How does the current raiding looks like?

What are the most common manifestations of raiding, what issues can cause troubles, what’s worth special attention?

How to protect your business from raiding (prevention and counterattack)?

What government bodies and how should be involved in the fight?

Read about all of this and even more in an interview with ESQUIRES’ partner Opanas Carline for Legal Practice newspaper.

 

What do you think are the reasons for the recent raiding actualization?

The change of government still leads to redistribution of markets and spheres of influence. Both initial seizures of enterprises  property and near-illegal returns of the previously selected are observed. In many respects, the intensification of these processes is facilitated by the unique conditions caused, oddly enough, by the consequences of progressive reforms. First of all, its related to reforms in the field of state registration and law enforcement agencies. The first led to the simplification and partial digitalization of registration processes, which created “convenience” not only for conscious copyright holders. It has also generated a quasi-judicial body – the Commission for the complaints proceeding in the field of state registration, whose activity clearly does not contribute to the establishment of the principle of legal certainty. The second reform significantly weakened the law enforcement bloc, by eliminating (I hope, temporarily) the principle of punishment inevitability. As a result, the raiders received additional tools and lost their fear of retaliation.

Do raiders’ work patterns differ in the 90s and at present?

Firstly, the focus of the attacks has shifted somehow. For example, now not only enterprises and buildings, but also land (including for agricultural purposes) and property rights to it are popular objects of gaining possession. Enterprises are of interest for raiders not only in connection with their property (land, buildings, means of production), but also in connection with the availability of right for claim, tax credit, and procedural status in an important process.

The raiders’ work schemes have also undergone changes, primarily due to changes in legislation and the implementation of the above-mentioned reforms.  Registrars, notaries, the Commission for the complaints procession in the field of state registration, police, courts frequently become conscious or unconscious “accomplices” of raiders.

The metamorphoses of state formulations about manifestations of raiding are also illustrative. If earlier the emphasis was on violating of the privatization rules  of state enterprises, then in 2014 the decree of the President of Ukraine “On Strengthening Counteraction against Raiding” refers to the forms of raiding: unlawful takeover and seizure of business entities, deprivation of ownership rights and, what is important, the usage of courts for raiding.

Yes, the “classic of the genre” is raiders’ usage of court decisions: deliberately unlawful (often delivered without calling the parties in one meeting with artificially falsified jurisdiction), not entered into legal force, fully or partially falsified (both in paper and in electronic form).

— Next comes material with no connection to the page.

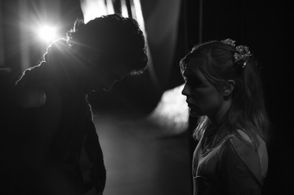 Matilda Ridgway and Robert Constantine in Tomorrow, and Tomorrow, and Tomorrow (2017)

Another constant tendency is the falsification of documents: title documents, charter documents, protocols of general meetings of founders, and even letters. Falsified, expired or withdrawn powers of attorney are also actively used.

The raider schemes submitted to the public judgment repetedly provoked legislative changes. The procedural codes were corrected in terms of possible measures to ensure claims, corporate standards were improved.

The distinctive feature of Ukrainian reforms and legislative technology is the quick forgetting of the original reason of previously made changes. On the third, and sometimes already on the second cycle of changes, norms that were previously condemned as encouraging raiders can be returned.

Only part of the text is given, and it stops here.